Concern about Europe’s debt crisis deepened as two people familiar with the situation said Moody’s Investors Service was set to downgrade the credit ratings of Spanish banks, with the ratings firm confirming the cuts after U.S. markets closed. The Federal Reserve Bank of Philadelphia’s general economic index decreased to minus 5.8 in May, indicating an unexpected contraction in manufacturing. The index of leading economic indicators dropped in April for the first time in seven months.

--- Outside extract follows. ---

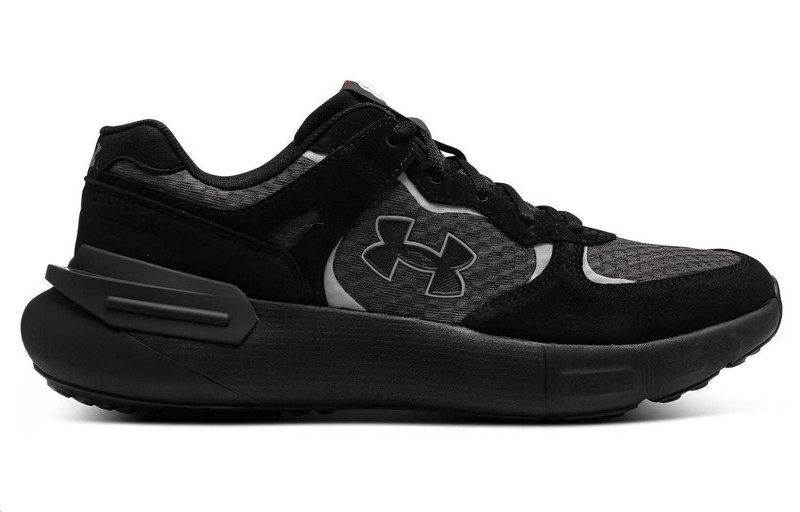 Under Armour Under Armour Phantom 365 'Black' 3028616-100 outlook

“It’s a double whammy,” James Paulsen, the chief investment strategist at Minneapolis-based Wells Capital Management, said in a telephone interview. His firm oversees about $333 billion of assets. “Not only do we have continued scary European news, we’ve got weak economic data in the U.S. today. We’re going to bounce around for a while.”
$3 Trillion Slump
More than $3 trillion has been erased from the value of equities worldwide this month as concern Greece will exit the euro curbed demand for riskier assets. The country faces a fresh election on June 17 that may boost parties opposed to the conditions of its international bailouts.
Other economic reports today showed U.S. jobless claims were unchanged at 370,000 in the week ended May 12, compared with the median forecast of 48 economists surveyed by Bloomberg News for a drop in claims to 365,000. The Bloomberg Consumer Comfort Index fell in the week ended May 13 to minus 43.6, a level associated with recessions or their aftermaths, from minus 40.4 in the previous period.
The S&P 500 has tumbled more than 8 percent from a four- year high in April as Greece’s failure to form a government returned investors’ focus to Europe’s debt crisis, while economic data trails estimates by the most in seven months. The Citigroup Economic Surprise Index for the U.S., which measures how much data is missing or beating the median estimates in Bloomberg surveys, slipped to minus 25.1 today and was minus 25.6 on May 10, the lowest since September 30.
Caterpillar Inc., JPMorgan Chase & Co. (JPM:US), Home Depot Inc. and Boeing Co. dropped more than 3.5 percent to lead the Dow to the lowest level since Jan. 13
Apple Inc., the world’s most valuable company, retreated 2.9 percent after hedge funds disclosed sales of the stock. SAC Capital Advisors LP and Viking Global Investors LP were among hedge funds that sold a net 6.1 million shares of Apple last quarter, taking advantage of the 48 percent jump in the iPhone maker’s stock.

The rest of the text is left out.